UNH Center for the Humanities


UNH Sidore Speakers Join the Education Discussion

By Tracy Manforte
UNH News Bureau

October 9, 2000

DURHAM, N.H. -- Across the state and nation this election year, education is making headlines. Politicians and voters debate curriculum, testing, funding sources and teacher shortages. New Hampshire grapples with the so-called Claremont Decision, a Supreme Court ruling that holds the state responsible for providing an "adequate education."

Joining the education discussion this year will be guest speakers in the University of New Hampshire Saul O Sidore Memorial Lecture Series. "Education for the New Millennium" opens Thursday, Oct. 19, with a lecture by Donald Graves, UNH professor emeritus of education.
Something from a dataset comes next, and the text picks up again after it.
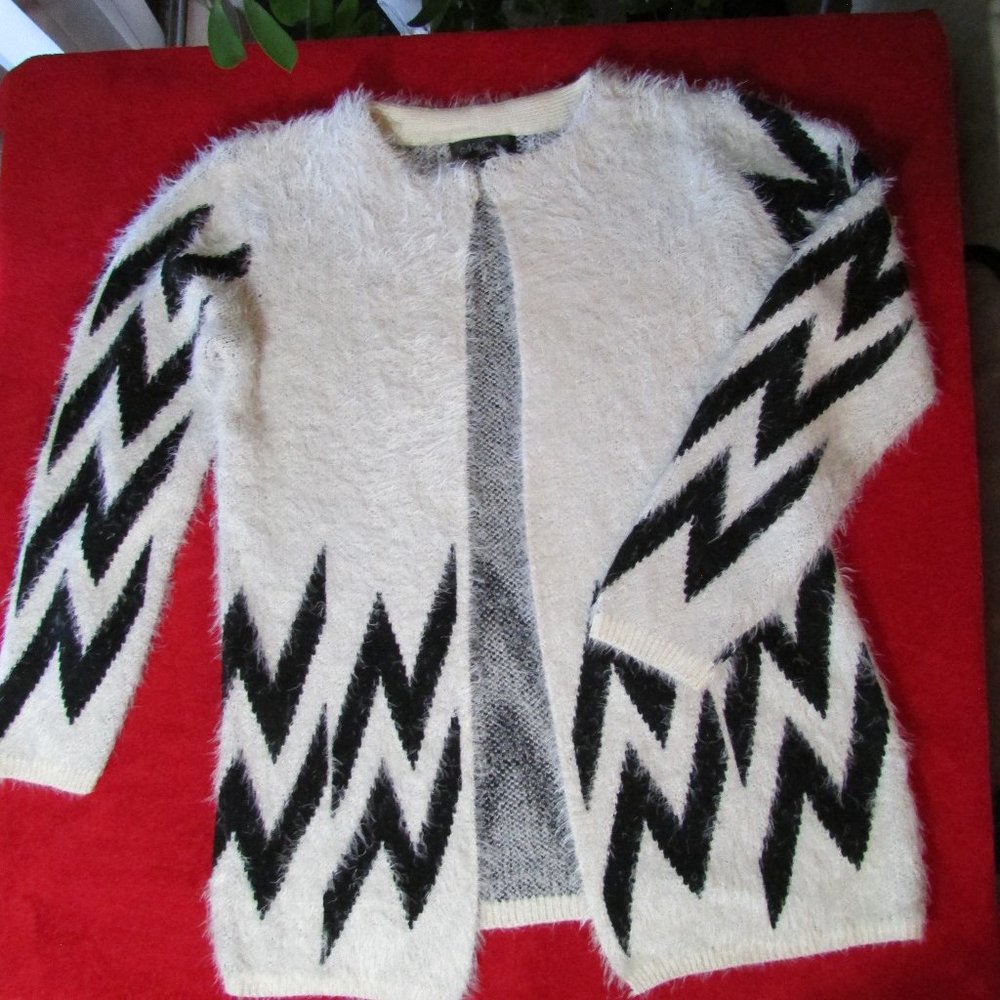 Nicole Sabbattini Faux Mohair Geometric Sweater Cardigan Cream Black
The renowned teacher, mentor and scholar will discuss "Issues in Education That Won't Go Away" from 12:40 to 2 p.m. in the Memorial Union Building theatre. As the presidential election approaches, Graves will review issues in education, explore various political positions and possible solutions to educational crises.

Graves is an innovator in the field of composition and one of the leaders of the writing process movement that revolutionized the way teachers approach writing assignments and assessment from grade school to graduate school. In addition to volumes of essays, fiction and poetry, Graves' books include the following: "Balance the Basics: Let Them Write" (1978), "A Researcher Learns to Write" (1984), "Discover Your Own Literacy" (1990) and "Bring Life into Learning" (1999).

The Sidore Series continues Thursday, Nov. 2, when Clifford Adelman, senior research analyst for the U.S. Department of Education, presents "Putting on the Glitz: Threats to Integrity in the Representation of U.S. Higher Education." Adelman will address the dangerous dichotomy that exists in media representations of higher education: the would-be heroics of administrators and politicians versus the melodramatic portrayals of the most visible, troubled student populations. The lecture will take place from 12:40 to 2 p.m. in the MUB theatre.

Adelman has authored numerous influential and controversial government reports stressing the educational and work experiences of female, minority and low-income students, in particular. As a research analyst, he identifies trends, develops surveys, and gathers and interprets data on education issues.

The Sidore Series was established in 1965 in memory of Saul O Sidore of Manchester. The series presents programs that raise critical and sometimes controversial issues facing society. It is sponsored by the Sidore Foundation and the UNH Center for the Humanities. All lectures are free and open to the public. The following lectures, scheduled next semester, begin at 12:40 p.m. and will be held in the Memorial Union Building theatre:

  • Feb. 22: "Toward a New Story for Schooling." Michael Umphrey, director of the Heritage Project in Montana, a statewide community centered education program.

  • March 22: "Race, Inequality and Justice in the U.S.: Some Social-Philosophic Reflections." Glenn Loury, professor of economics at Boston University and director of the Institute on Race and Social Division.

  • April 19: "Teaching the Care Tradition." Nel Noddings, professor of philosophy and education at Columbia University Teachers College.